First about the water surface. It can be done in several ways (I've tried a bunch of em on this project).

One option is to use the fluid effects and the ocean (try using one of the presets and modifying its parameters, to give you a starting point). This has the advantage of being quick to set up and get looking alright, and has some serious options to get it look awesome. The main drawback with it is that it requires Unlimited and that it is very very slow to render (the more fine waves, the slower). It has some other advantages as to an pretty cool shader with highlight glows and stuff.

The other main option is to do it with nurbs planes and animated displacement maps (for this kind of water it works well). You will have to put alot of effort in the shader and also more work in post (with glows and things).

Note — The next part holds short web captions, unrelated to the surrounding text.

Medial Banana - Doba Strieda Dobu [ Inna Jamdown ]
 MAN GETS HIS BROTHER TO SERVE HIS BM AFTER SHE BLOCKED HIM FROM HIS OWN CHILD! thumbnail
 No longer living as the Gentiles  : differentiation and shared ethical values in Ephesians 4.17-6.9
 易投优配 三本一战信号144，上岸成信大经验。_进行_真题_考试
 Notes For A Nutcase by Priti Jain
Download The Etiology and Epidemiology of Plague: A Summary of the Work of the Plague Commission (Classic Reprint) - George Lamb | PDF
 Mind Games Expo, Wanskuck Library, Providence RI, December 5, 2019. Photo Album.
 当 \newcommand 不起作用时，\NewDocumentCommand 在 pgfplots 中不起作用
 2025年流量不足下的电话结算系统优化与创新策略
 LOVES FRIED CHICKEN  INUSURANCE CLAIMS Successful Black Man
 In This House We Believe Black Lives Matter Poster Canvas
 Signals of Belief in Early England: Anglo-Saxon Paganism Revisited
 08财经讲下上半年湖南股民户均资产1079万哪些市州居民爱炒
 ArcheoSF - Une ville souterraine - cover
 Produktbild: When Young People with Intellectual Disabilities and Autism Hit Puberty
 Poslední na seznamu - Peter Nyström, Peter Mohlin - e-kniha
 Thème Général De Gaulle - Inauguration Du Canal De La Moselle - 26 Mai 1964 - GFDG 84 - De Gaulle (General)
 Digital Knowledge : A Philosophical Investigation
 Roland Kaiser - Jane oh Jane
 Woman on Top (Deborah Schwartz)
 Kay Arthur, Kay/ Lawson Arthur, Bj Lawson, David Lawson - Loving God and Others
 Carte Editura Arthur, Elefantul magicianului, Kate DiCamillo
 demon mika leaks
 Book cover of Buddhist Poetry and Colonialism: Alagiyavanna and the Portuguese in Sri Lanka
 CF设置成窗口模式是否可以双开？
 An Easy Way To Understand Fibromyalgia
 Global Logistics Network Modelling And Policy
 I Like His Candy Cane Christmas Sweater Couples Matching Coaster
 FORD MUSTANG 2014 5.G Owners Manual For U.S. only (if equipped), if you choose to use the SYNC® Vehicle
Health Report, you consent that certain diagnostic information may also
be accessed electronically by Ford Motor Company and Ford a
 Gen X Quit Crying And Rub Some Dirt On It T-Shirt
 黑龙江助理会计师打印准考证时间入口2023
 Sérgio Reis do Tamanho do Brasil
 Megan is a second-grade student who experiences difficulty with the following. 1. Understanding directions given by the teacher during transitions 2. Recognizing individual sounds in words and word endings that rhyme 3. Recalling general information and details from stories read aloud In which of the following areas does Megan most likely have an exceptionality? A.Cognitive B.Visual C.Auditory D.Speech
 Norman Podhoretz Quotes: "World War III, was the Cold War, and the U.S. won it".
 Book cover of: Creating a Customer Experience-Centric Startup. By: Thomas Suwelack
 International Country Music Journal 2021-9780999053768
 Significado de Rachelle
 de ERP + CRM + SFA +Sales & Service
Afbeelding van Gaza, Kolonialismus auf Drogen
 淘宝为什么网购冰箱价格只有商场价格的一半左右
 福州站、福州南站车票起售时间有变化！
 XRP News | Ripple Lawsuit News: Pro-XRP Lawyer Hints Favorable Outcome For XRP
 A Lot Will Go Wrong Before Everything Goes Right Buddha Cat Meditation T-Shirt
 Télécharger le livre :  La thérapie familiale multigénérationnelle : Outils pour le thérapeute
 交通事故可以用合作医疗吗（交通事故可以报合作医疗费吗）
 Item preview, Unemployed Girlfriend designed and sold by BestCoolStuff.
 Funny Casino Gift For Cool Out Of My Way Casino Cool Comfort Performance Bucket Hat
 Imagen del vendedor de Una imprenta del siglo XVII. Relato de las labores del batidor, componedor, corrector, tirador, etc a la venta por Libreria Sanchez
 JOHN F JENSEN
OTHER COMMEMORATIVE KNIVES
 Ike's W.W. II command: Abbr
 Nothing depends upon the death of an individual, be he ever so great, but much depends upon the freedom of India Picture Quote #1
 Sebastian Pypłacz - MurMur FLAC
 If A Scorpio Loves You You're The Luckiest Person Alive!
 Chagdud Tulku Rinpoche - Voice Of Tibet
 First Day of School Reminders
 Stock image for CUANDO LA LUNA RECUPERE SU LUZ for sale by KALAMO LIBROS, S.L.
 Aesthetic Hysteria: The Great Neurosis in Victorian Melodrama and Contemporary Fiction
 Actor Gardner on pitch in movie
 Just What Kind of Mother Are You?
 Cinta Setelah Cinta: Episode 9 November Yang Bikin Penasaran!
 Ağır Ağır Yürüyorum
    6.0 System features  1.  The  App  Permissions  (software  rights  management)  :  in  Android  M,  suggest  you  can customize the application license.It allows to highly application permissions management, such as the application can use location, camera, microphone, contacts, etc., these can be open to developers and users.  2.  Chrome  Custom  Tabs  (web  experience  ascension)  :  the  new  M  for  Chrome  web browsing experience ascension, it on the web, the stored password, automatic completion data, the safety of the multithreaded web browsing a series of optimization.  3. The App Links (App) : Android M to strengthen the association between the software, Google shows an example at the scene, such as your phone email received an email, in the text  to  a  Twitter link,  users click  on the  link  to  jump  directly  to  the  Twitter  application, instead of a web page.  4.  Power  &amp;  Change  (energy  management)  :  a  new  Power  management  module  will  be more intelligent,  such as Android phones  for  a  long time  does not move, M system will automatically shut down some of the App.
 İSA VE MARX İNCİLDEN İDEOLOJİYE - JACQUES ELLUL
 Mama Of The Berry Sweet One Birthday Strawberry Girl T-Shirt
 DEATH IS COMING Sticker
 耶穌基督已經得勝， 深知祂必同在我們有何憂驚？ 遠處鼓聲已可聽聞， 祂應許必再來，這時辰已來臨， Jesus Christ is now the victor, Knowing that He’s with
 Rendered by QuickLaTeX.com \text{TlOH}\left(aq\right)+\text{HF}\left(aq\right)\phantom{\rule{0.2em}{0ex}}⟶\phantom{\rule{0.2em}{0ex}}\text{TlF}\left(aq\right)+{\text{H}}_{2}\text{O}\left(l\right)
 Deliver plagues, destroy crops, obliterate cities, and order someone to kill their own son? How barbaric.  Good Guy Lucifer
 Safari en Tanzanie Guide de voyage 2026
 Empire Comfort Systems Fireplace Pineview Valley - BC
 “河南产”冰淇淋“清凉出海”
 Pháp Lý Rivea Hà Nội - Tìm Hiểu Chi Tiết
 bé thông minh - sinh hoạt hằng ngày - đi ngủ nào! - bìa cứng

The advantage is that it is alot faster to render and can be made to look as good. It is no simulation but whatever looks good is good.

The fog effect is a simple environment fog in Maya, looks alright. The seabed uses some paint-fx seaweed and plants. They actually move, but so slowly that they look static in the animation.

About rendertime. It is a 4 stage process, first render out the hardware particles in Maya (a few minutes). Then batchrender the entire sw-render part with depthmap channel (roughly 10h). Then composite the two (I did it in an old version of shake for NT, but After Effects or whatever works). I also did color-correction and some various glows and DoF in post. The result is rendered to uncompressed tga's (a few minutes) and then loaded into VirtualDub to compress it into a Divx .avi (done in realtime). Rendertime explodes when using fluid effects, but is reasonable with disp. mapped water. Times are with 640*360 resolution, a 1280*1024 would probably take roughly 4 times as long.

Sorry if I rambled on, but I hope you got your answers.